Hard words to write. Hard words to read. We’ll miss him in the newsroom, where he has set the standard for hard work, ethics, intelligent reporting and beautiful prose for decades. Readers will miss him even more.

We know him these days as the gimlet-eyed business reporter who has applied his considerable investigative talents and apparently endless stamina to the Gordian knot known as Jackson Health System.

But that John -- the one whose dogged pursuit of healthcare facts became so annoying that a Jackson board member threatened to throw him out a window --- is a relatively recent incarnation. John is also a legend for his work at Tropic magazine, a post that offered him a front row seat to some of Miami’s most wonderful and infamous moments.

Along the way, he has written stories from Haiti and Cuba, worked as a substitute teacher so he could write about the school system from within (deciding in the end that the kids would “eat me alive”) and scored a 5 ½ hour interview with Fidel Castro.

He co-authored a Cuba history book, The Winds of December. Three of his Herald articles have appeared in college textbooks on writing.
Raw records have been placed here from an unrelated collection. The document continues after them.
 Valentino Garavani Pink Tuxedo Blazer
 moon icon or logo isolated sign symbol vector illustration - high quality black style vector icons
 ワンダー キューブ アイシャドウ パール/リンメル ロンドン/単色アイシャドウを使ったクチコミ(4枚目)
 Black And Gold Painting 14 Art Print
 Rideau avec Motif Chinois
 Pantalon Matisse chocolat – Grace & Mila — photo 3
He was a Fulbright Scholar in Romania in 2001. Won two National Headliner Awards, a Green Eyeshade Award and a host of others.
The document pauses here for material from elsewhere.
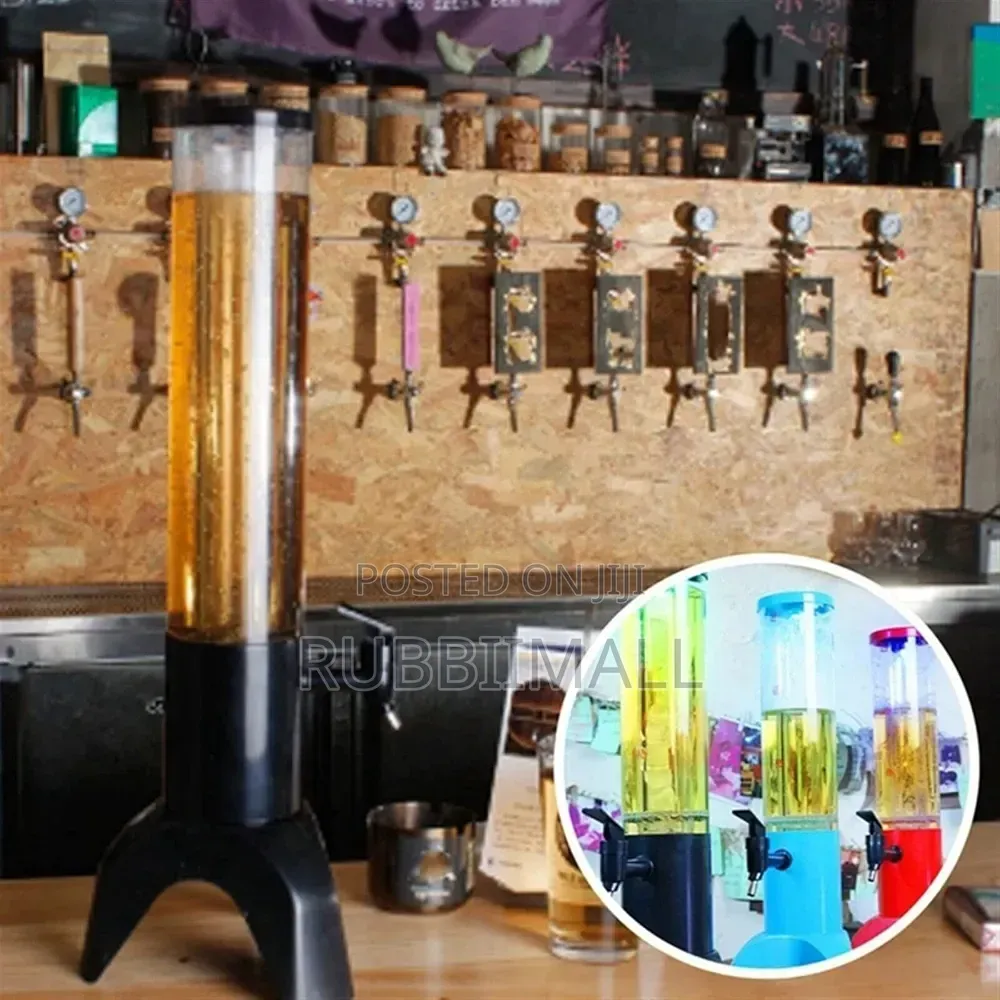 Tabletop Beverage and Beer Tower Dispenser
Pull up virtually any story he did for Tropic and you find it, that combination of qualities uniquely suited to Miami: vivid prose, deep reporting and skewed sense of humor. “The Blob” about the suburban sprawl of Broward. “Sky’s the Limit” about then-upstart firm Arquitectonica. “Metrofail,” an instant classic in 1982 [sic] about the “conspicuous failure” of Metrorail.
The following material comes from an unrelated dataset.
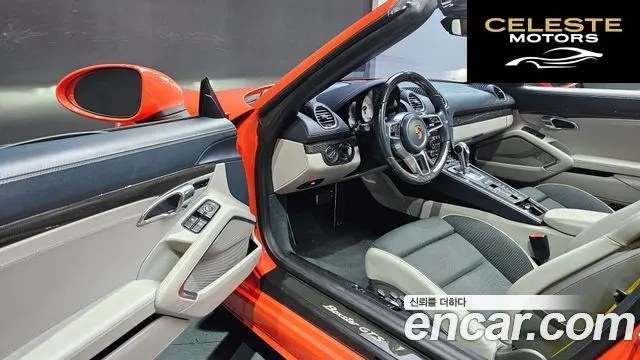 PORSCHE 718 Boxster 2.5 GTS 2018 — photo 11 sur 20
But to really appreciate John’s work, you have to read him. From his Arquitectonica story:
This is architecture at freeway speed. It pops into your vision as you speed down Interstate 95 south of Miami, a highrise topped by a huge red triangle. From the north, the building is all reflective glass. Glance in your rearview mirror: From the south, it’s a massive blue grid. And – if you look closely enough – you will see a hole in the center of the structure. A hole 12 stories off the ground, containing a red spiral staircase and a fully grown palm tree.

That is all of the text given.